Content starts

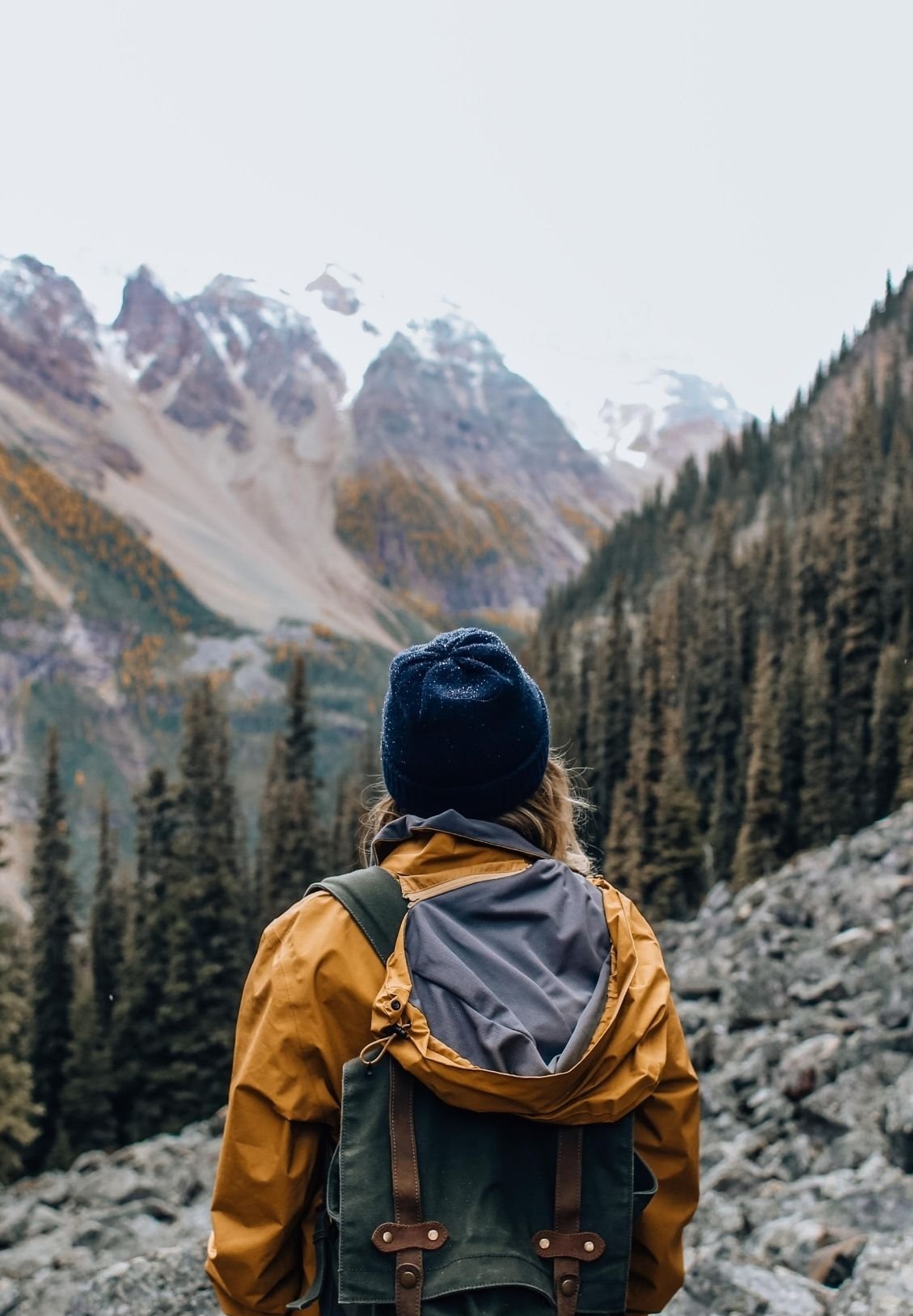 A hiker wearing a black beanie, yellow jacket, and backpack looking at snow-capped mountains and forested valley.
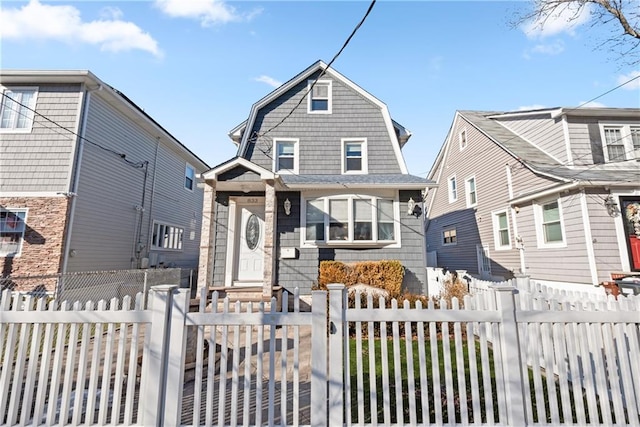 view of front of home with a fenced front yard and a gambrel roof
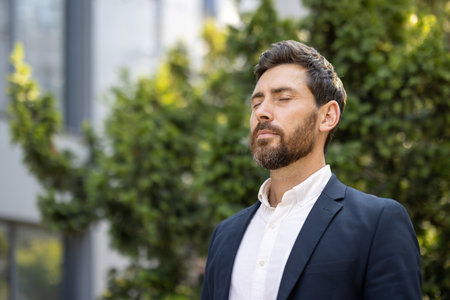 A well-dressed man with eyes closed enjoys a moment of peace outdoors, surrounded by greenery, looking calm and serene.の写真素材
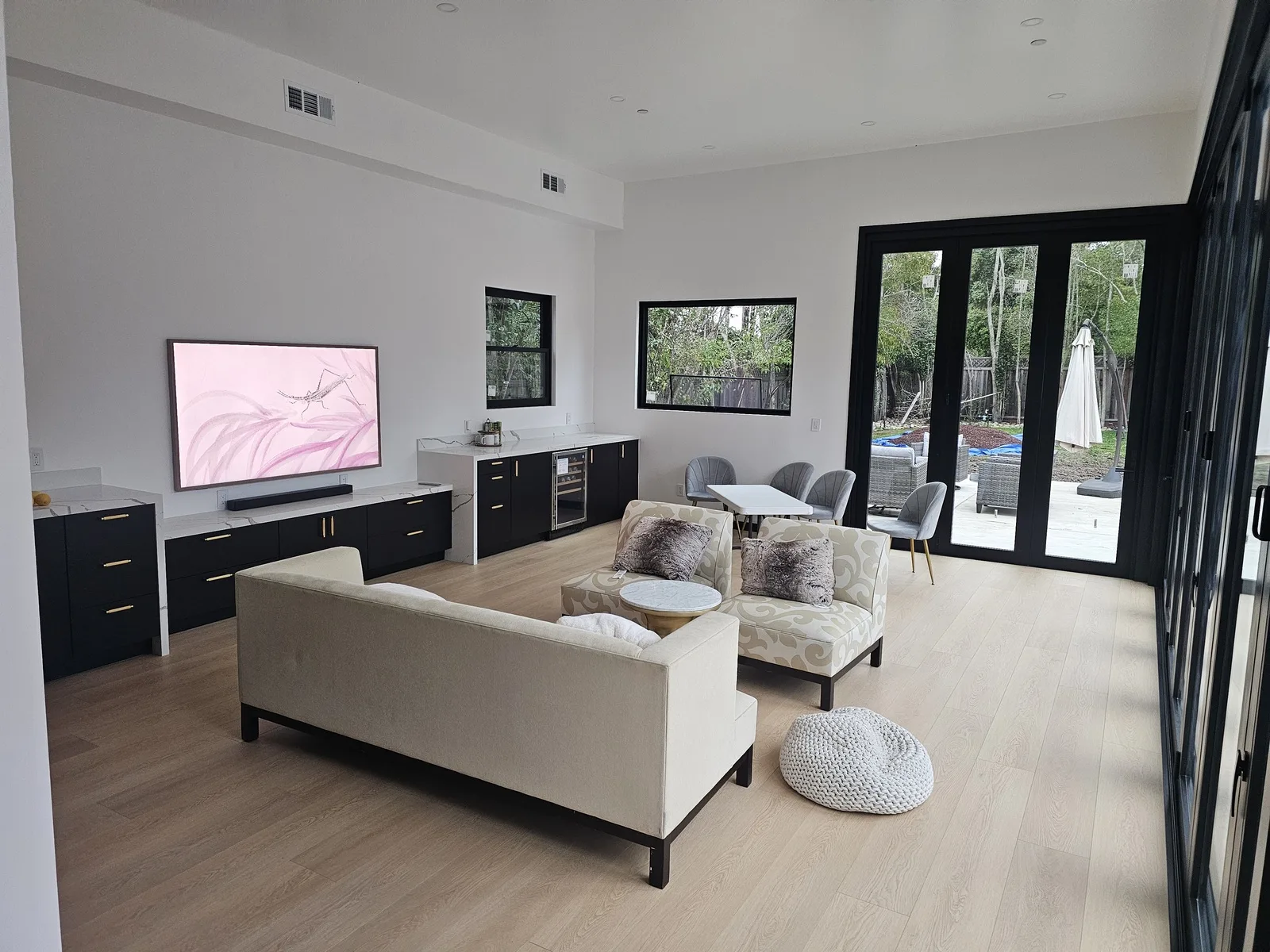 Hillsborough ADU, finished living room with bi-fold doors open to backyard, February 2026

Content ends
Content starts

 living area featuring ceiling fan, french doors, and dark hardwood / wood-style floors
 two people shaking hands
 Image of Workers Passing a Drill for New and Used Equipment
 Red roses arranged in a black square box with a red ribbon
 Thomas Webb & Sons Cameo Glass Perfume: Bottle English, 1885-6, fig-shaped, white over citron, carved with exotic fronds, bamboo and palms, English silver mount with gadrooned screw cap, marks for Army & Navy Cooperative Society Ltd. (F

Content ends

Task statement: Print an exact copy of the lines above, from the one containing "view of front" through the one containing "Hillsborough ADU, finished", and leave out the pictures.

Written answer:
 view of front of home with a fenced front yard and a gambrel roof
 A well-dressed man with eyes closed enjoys a moment of peace outdoors, surrounded by greenery, looking calm and serene.の写真素材
 Hillsborough ADU, finished living room with bi-fold doors open to backyard, February 2026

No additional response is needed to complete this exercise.